Performance tests with large number of threads noted that the change
of the default closetimeo (deferred close timeout between when
close is done by application and when client has to send the close
to the server), to 5 seconds from 1 second, significantly degraded
perf in some cases like this (in the filebench example reported,
the stats show close requests on the wire taking twice as long,
and 50% regression in filebench perf).
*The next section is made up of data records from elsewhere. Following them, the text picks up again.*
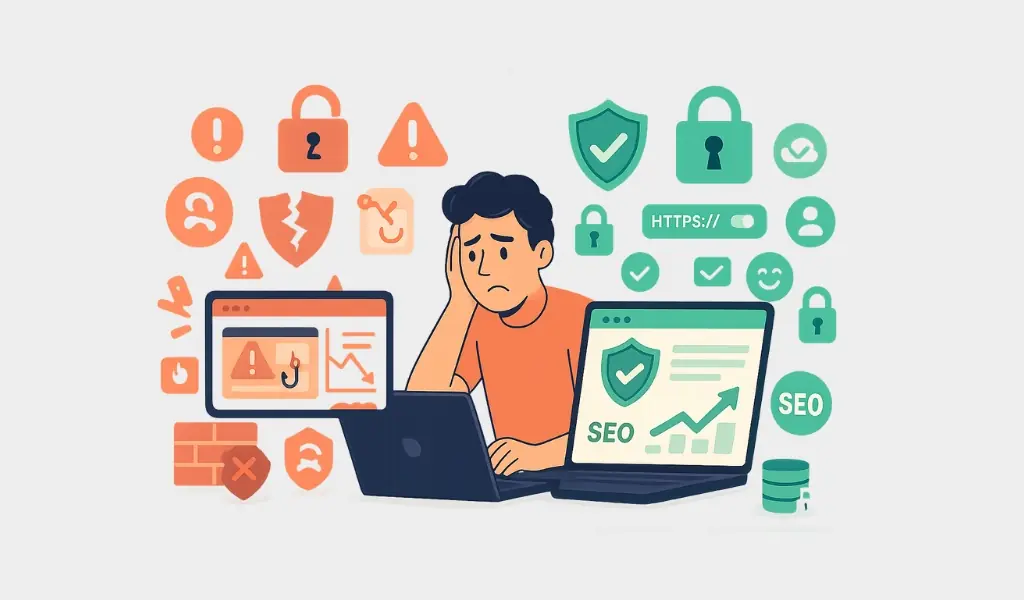 ضعف امنیت سایت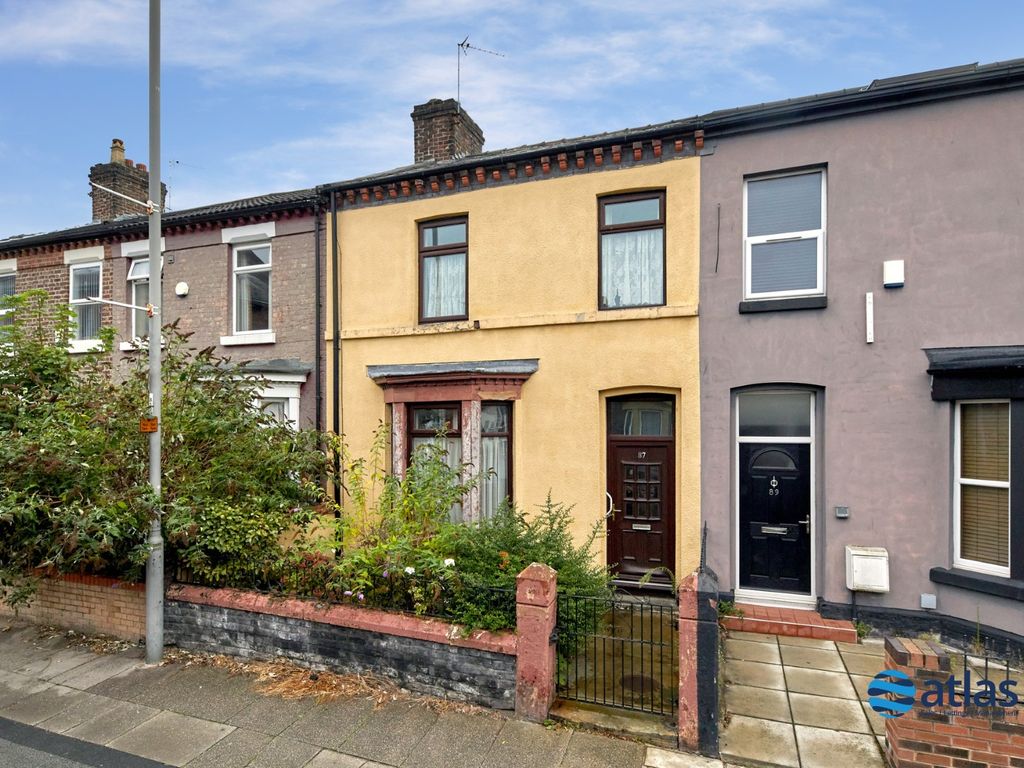 3 bed terraced house for sale in Lawrence Road, Wavertree L15, £150,000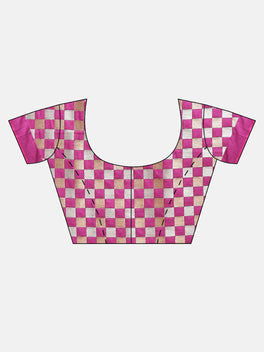 Stylish Shona Chandi Bandhej Banarasi Silk Saree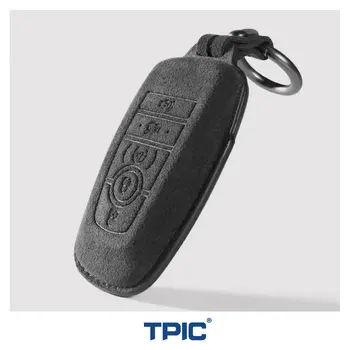 TPIC Alcantara Presvlake za daljinski ključ vozila Torbica za Ford Mustang 2015 ~ 2020 Zaštitnik Držač Ljuske Privjesak Pribor bez ključa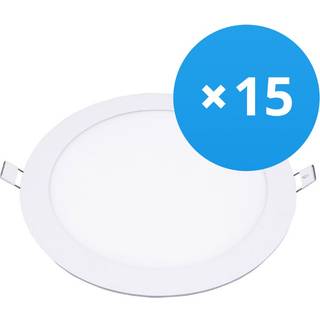 Fordelspakke 15x LED downlight UltraSlim 15W 1200lm 110D - 840 kold hvid | 190mm - Udsnit 175mm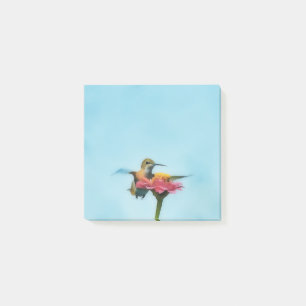 Hummingbird Bird Art Nature Post It Note Pad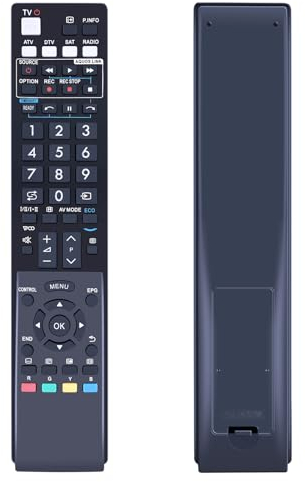 TCNOUMT Nuovo telecomando GA841WJSA compatibile con Sharp Aquos LCD TV LC-32SH130E LC-40LE600S LC-40LU700E LC-40LE705S LC-40LX812E LC-46LE822E LC-46LX812E LC-32LX700RU LC-32LX705E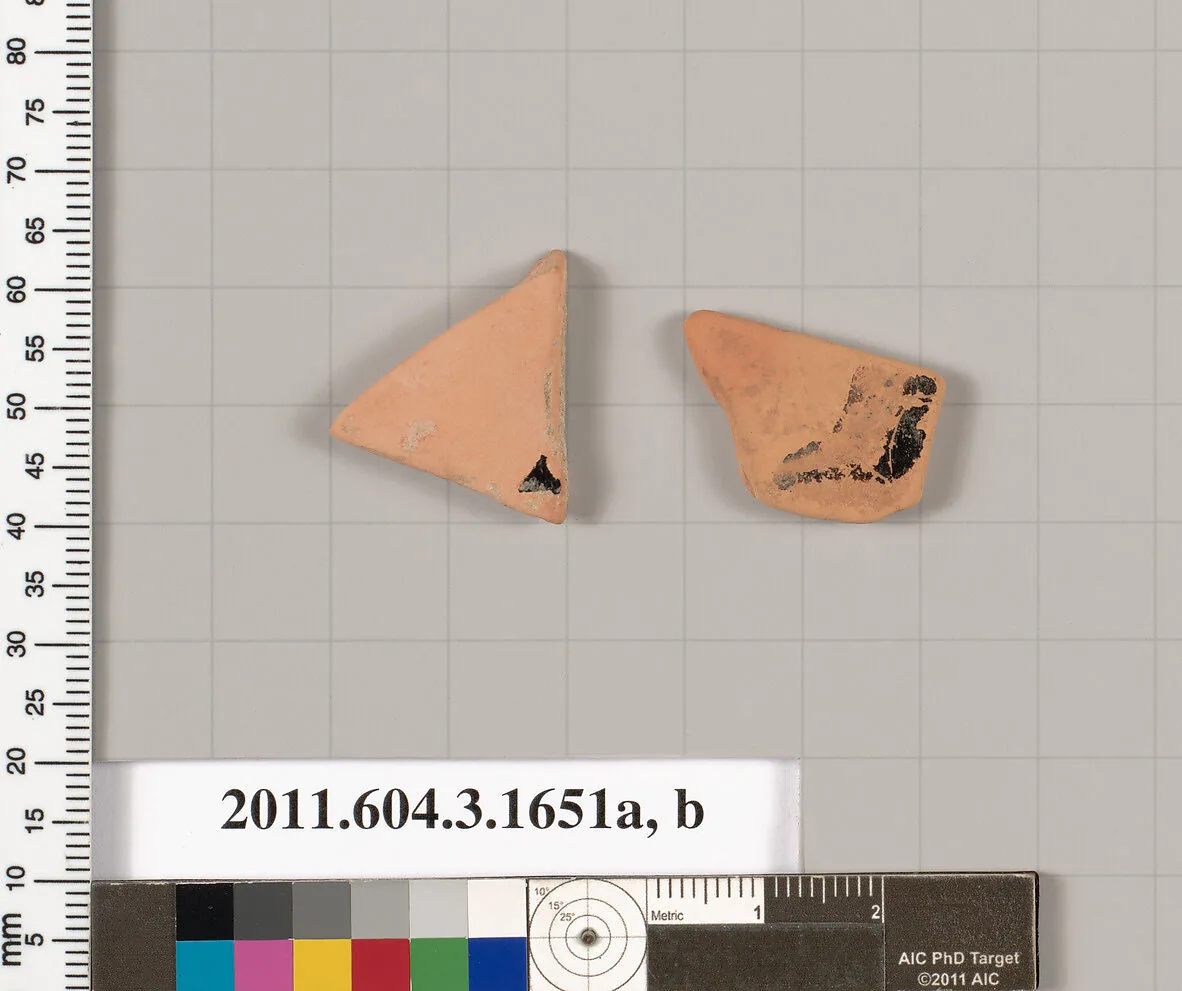Terracotta fragments of kylikes: Band or lip cups (drinking cups) — Unknown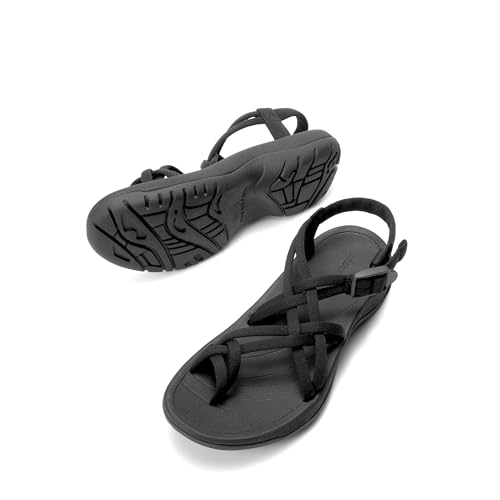 Women's Walking Sandals With Arch Support Elastic Strap Summer Sport Athletic Casual Hiking Outdoor Sandal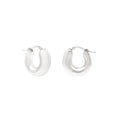 Sterling Silver Small Graduated Hoop Earrings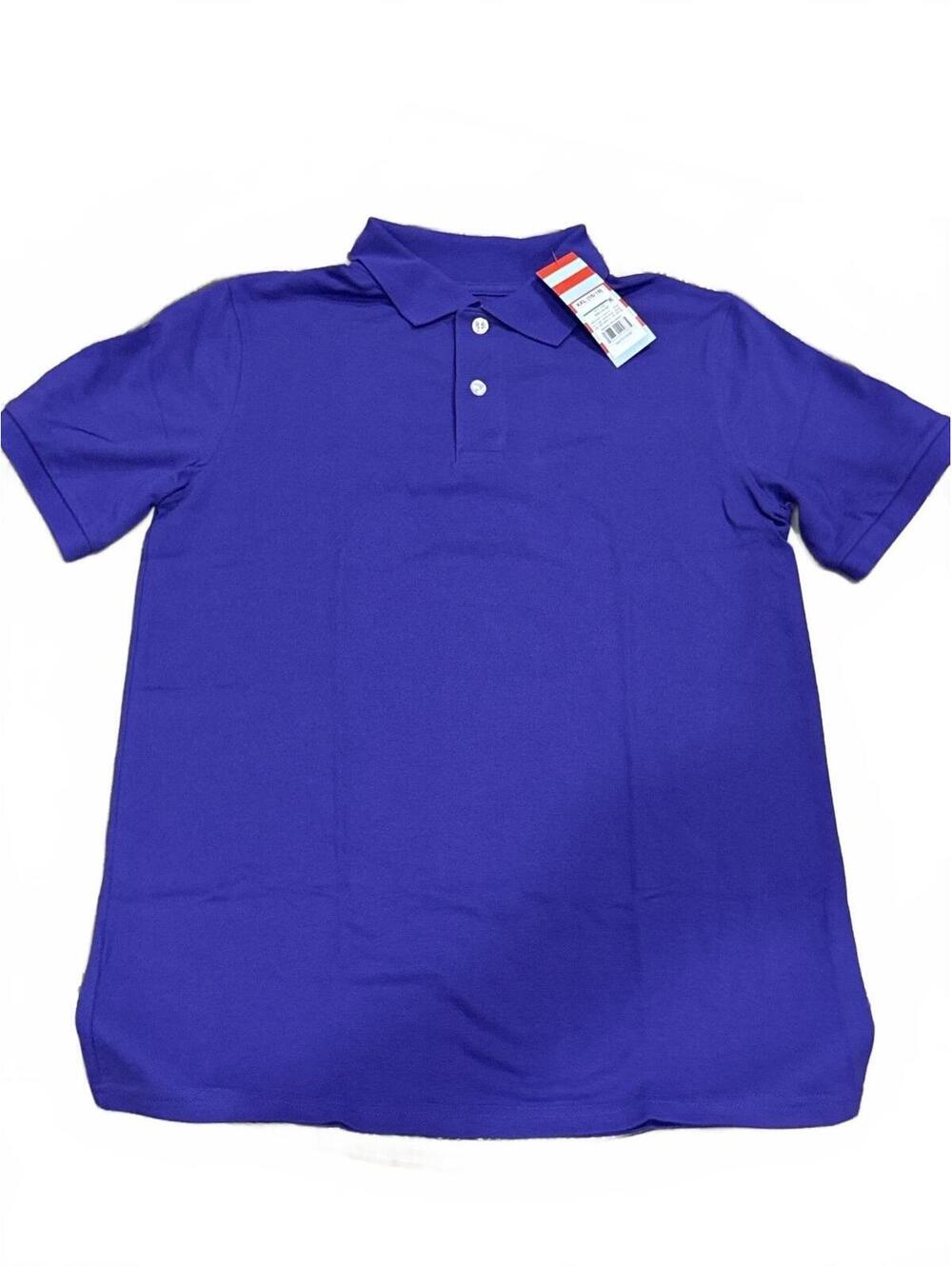 Cat & Jack Boys Performance Polo Shirt Purple Size XXL 16/18 NWT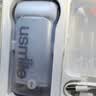 usmile笑容加冲牙器 洗牙器牙齿冲洗器 伸缩便携式冲牙器2支装 C10S晴山蓝&水韵紫 实拍图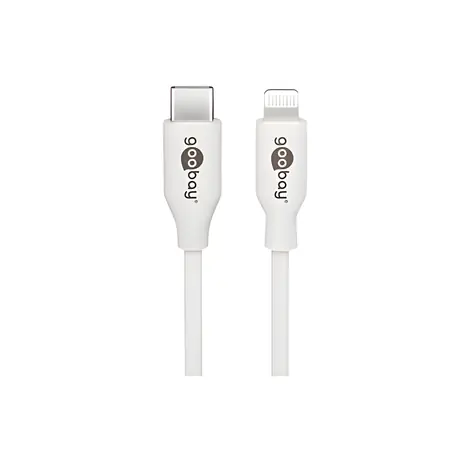 Goobay 39446 bílá / Nabíjecí a synchronizační kabel Lightning - USB-C / 1 m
This is stil configurable
via mount parm closetimeo, but to be safe, decrease default back
to its previous value of 1 second.

Reported-by: Yin Fengwei <fengwei.yin@xxxxxxxxx>
Reported-by: kernel test robot <yujie.liu@xxxxxxxxx>
Link: https://lore.kernel.org/lkml/997614df-10d4-af53-9571-edec36b0e2f3@xxxxxxxxx/
Fixes: 5efdd9122eff ("smb3: allow deferred close timeout to be configurable")
Cc: stable@xxxxxxxxxxxxxxx # 6.0+
Reviewed-by: Paulo Alcantara (SUSE) <pc@xxxxxxxxxxxxx>
Acked-by: Shyam Prasad N <sprasad@xxxxxxxxxxxxx>
Signed-off-by: Steve French <stfrench@xxxxxxxxxxxxx>
---
fs/cifs/fs_context.h | 2 +-
1 file changed, 1 insertion(+), 1 deletion(-)

diff --git a/fs/cifs/fs_context.h b/fs/cifs/fs_context.h
index 1b8d4e27f831..3de00e7127ec 100644
--- a/fs/cifs/fs_context.h
+++ b/fs/cifs/fs_context.h
@@ -286,5 +286,5 @@ extern void smb3_update_mnt_flags(struct cifs_sb_info *cifs_sb);
* max deferred close timeout (jiffies) - 2^30
*/
#define SMB3_MAX_DCLOSETIMEO (1 << 30)
-#define SMB3_DEF_DCLOSETIMEO (5 * HZ) /* Can increase later, other clients use larger */
+#define SMB3_DEF_DCLOSETIMEO (1 * HZ) /* even 1 sec enough to help eg open/write/close/open/read */
#endif
--
2.34.1